Which leads onto an intriguing point, because competing at home presents more challenges than you might think.

Usually when it comes to home events, all the chatter is about how local knowledge will benefit and boost competitors – particularly drivers.

But Halttunen says being on home ground can actually disrupt your natural rhythm a little bit.

“To be a local here it’s a bit difficult,” he explained.

“Let’s say if you go to Chile or Argentina or anywhere the rallies, you have to make a lot of preparation just to get super-focused that now you go there, now you are in a rally, whereas here you know everything and it’s actually easier to even make a mistake, take a wrong route to stage or something.

“You have to actually check quite a lot and you don’t go by memory or something.

“But I’ve been living here for all my life so this is quite familiar. I’ve been rally fan since like three years old so it’s nice.”

To win Rally Finland would feel sensational then. But just like Rovanperä, Halttunen realizes their strong championship lead, coupled to their handicap of running at the front of the field if it stays dry, could make a home win difficult this weekend.

“Well it’s actually like Kalle says,” Halttunen said.
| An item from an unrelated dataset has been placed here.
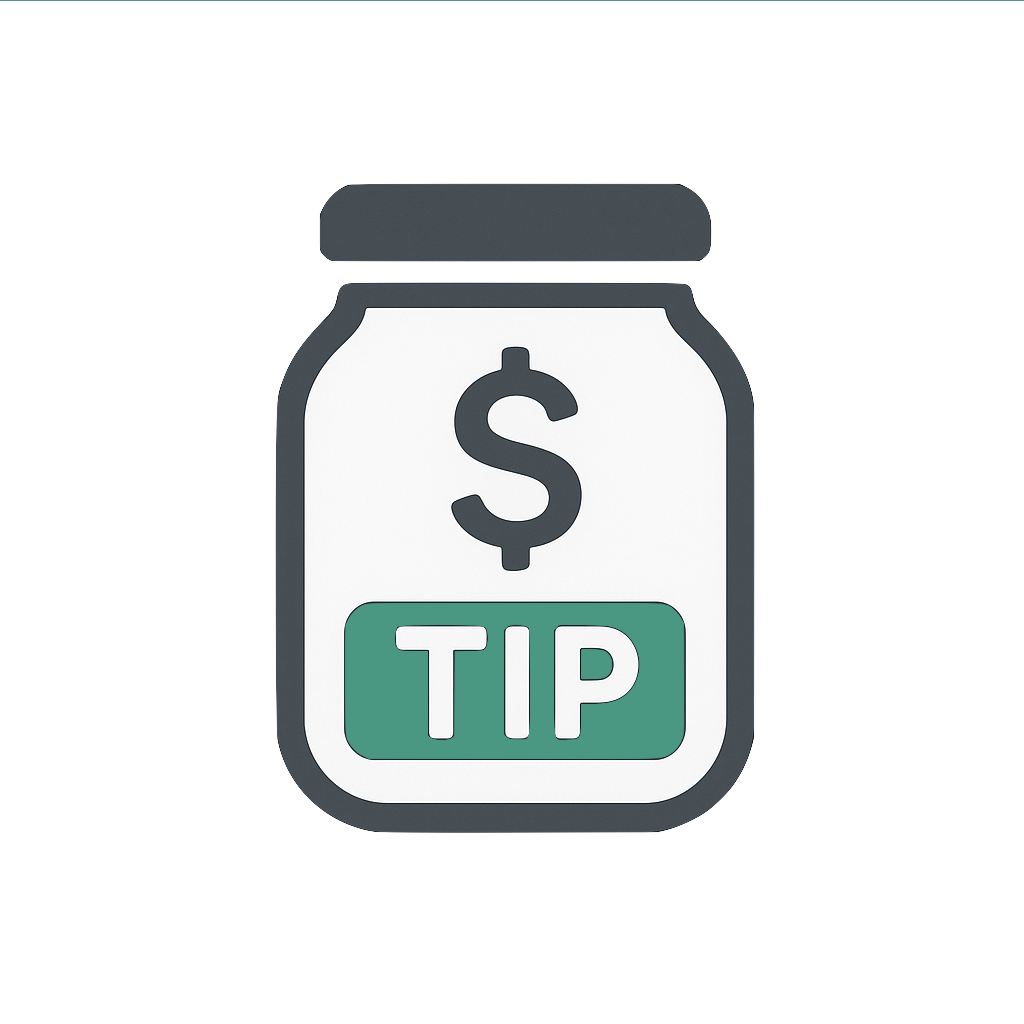 Tip Calculator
“It’s a bit sad that the situation is like that but anyway we have to play the long game.

“For sure we’ll try but I’m pretty sure he’s not going to take the last push like maybe EP [Esapekka Lappi] is going to take, maybe Ott [Tänak] is going to take because they have not so much to lose at the moment.

“For sure we cannot take the same risks but I’m pretty sure he will do everything he can in the limits what we can take and push.”
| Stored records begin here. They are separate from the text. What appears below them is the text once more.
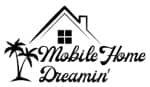 Mobile Home Dreamin logo | Mobile Home Dreamin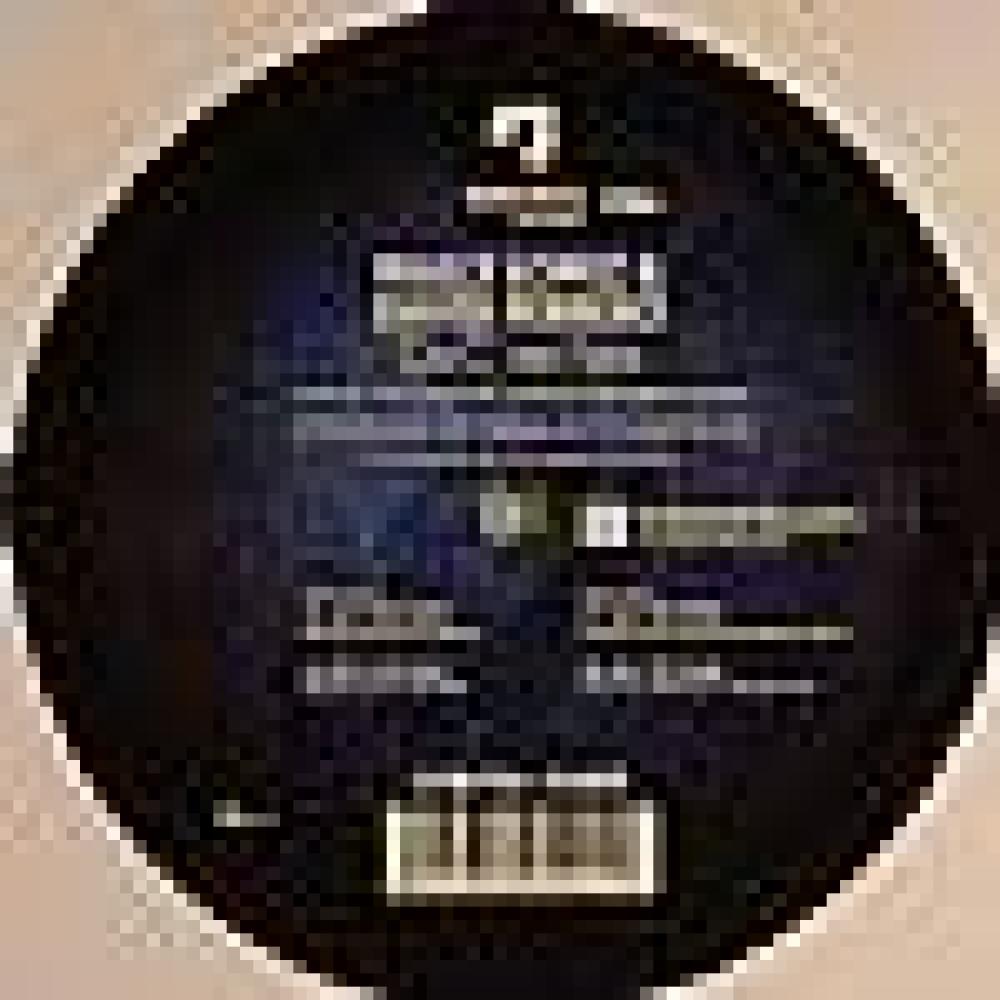 Wally Lopez & David Ferrero - Ca C Est Paris (PAOLO MOJO rmxs)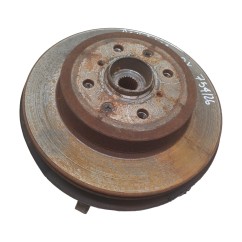 Montante sospensione ANT DX OPEL Agila 1° Serie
Halttunen ‘never been more scared’ than last weekend

Rovanperä and Halttunen clocked some useful mileage on the HYACenter Ralli in the Tampere region of Finland on Saturday – the pair coming out on top by 11.6 seconds over team-mates Elfyn Evans and Scott Martin.
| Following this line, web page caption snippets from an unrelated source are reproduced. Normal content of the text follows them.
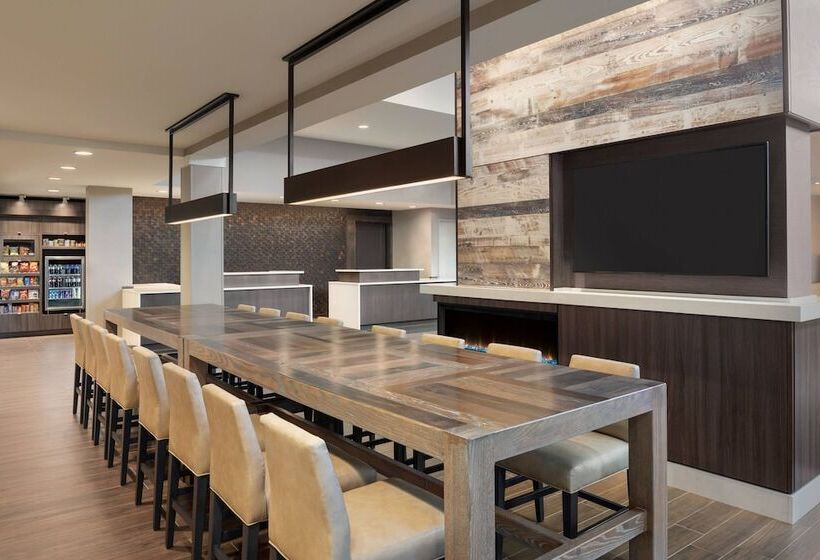 هتل Residence Inn By Marriott Minneapolis St. Paul/eagan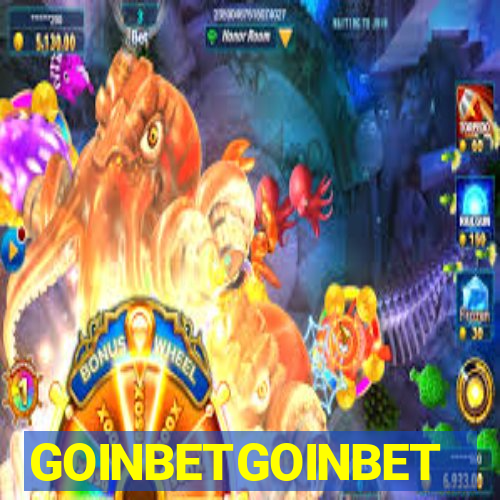 GOINBETGOINBET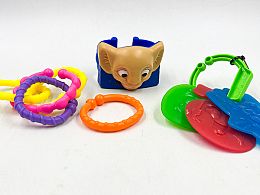 Бебешки играчки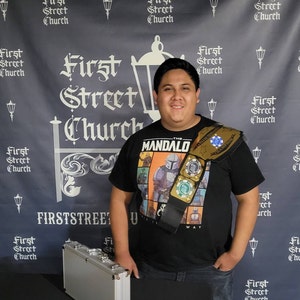 Isidro さんが購入した商品の写真を追加しました
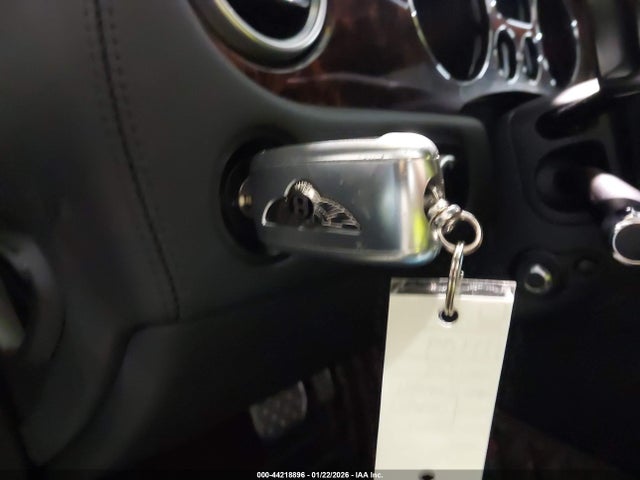 Продажа на аукционе авто 2008 Bentley Continental Gt, vin: SCBCR73W48C057147, номер лота: 44218896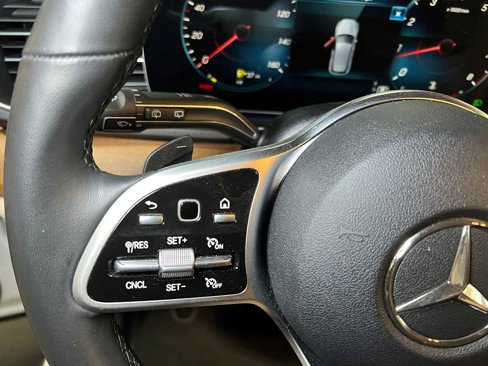 Used 2021 Mercedes-Benz GLE 350 4MATIC image 22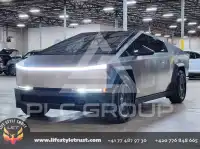 2025 Tesla Other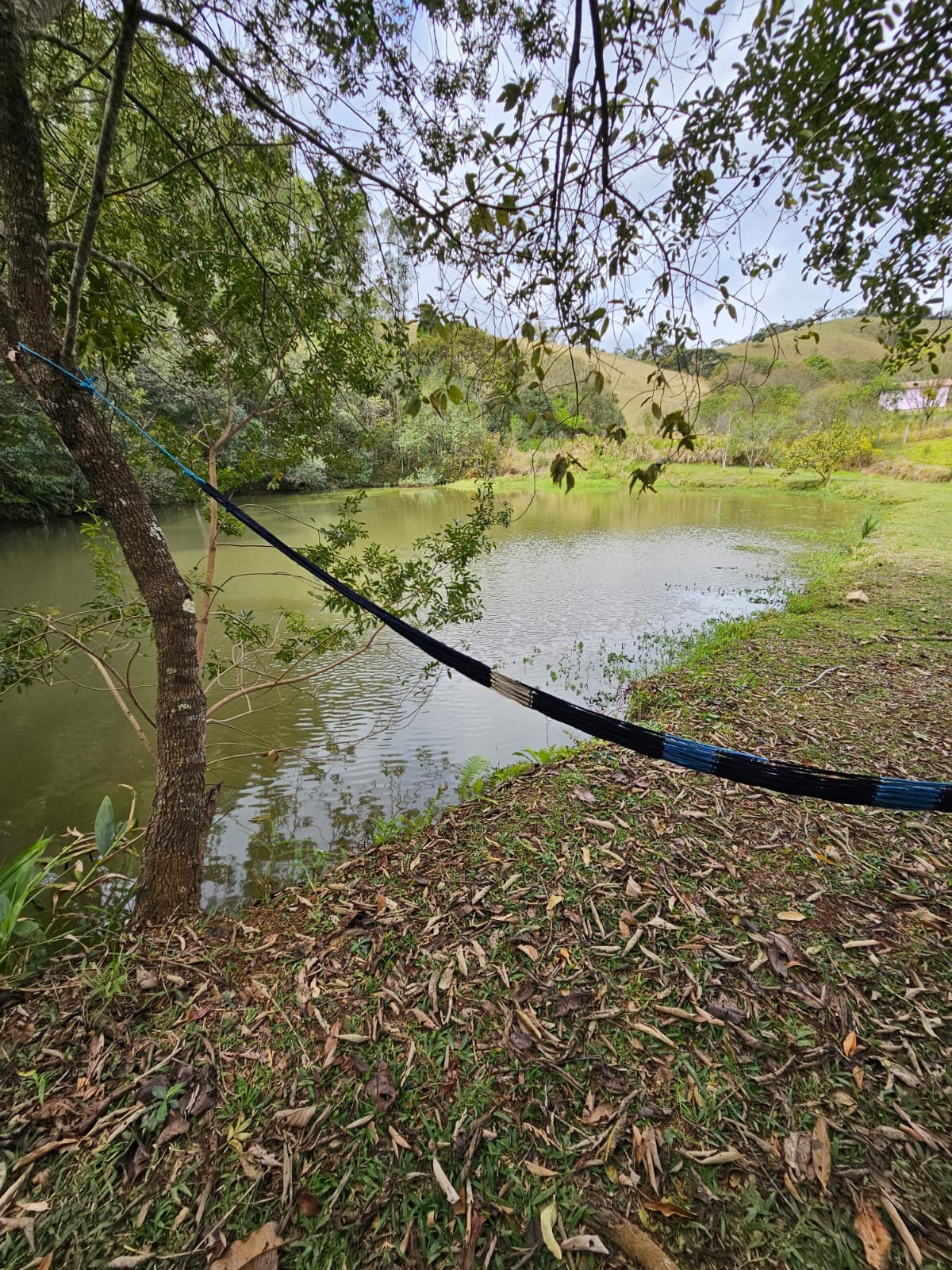 Camping Beija Flor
Halttunen believes contesting that event “for sure helped a lot and also the drivers get the confidence from this kind of condition”, but added “it was so extreme what we had there I hope we are not going to get that much rain because it was quite terrible”.

He continued: “I said to Kalle I have never been so scared in my life in a rally car than I was the whole rally.

“The speeds were so high and it was so slippy and all the time huge moments because there was just mud everywhere and just a full water slides all the time, so it wasn’t so enjoyable.”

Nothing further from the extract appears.